━━━ Data records ━━━

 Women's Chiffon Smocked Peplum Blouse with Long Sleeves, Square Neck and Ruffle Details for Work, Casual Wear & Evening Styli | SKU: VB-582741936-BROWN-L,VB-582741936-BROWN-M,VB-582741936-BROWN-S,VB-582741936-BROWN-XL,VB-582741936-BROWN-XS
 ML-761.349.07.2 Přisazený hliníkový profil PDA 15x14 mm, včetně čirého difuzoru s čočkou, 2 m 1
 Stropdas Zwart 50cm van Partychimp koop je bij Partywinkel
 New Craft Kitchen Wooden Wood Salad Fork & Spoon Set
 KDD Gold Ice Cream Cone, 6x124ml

━━━
━━━ Data records ━━━

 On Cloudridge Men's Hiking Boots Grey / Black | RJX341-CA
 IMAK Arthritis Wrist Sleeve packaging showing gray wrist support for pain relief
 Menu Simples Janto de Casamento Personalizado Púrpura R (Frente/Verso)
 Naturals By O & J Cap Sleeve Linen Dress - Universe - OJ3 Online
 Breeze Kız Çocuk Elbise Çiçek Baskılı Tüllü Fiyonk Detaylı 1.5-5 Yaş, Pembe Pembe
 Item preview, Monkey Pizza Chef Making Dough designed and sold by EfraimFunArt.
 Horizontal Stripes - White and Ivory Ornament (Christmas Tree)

━━━

▸ Exercise description
What is needed is an exact copy of the lines above, from the one containing "Breeze Kız Çocuk" through the one containing "Horizontal Stripes - White", with nothing added.

▸ Finished exercise
 Breeze Kız Çocuk Elbise Çiçek Baskılı Tüllü Fiyonk Detaylı 1.5-5 Yaş, Pembe Pembe
 Item preview, Monkey Pizza Chef Making Dough designed and sold by EfraimFunArt.
 Horizontal Stripes - White and Ivory Ornament (Christmas Tree)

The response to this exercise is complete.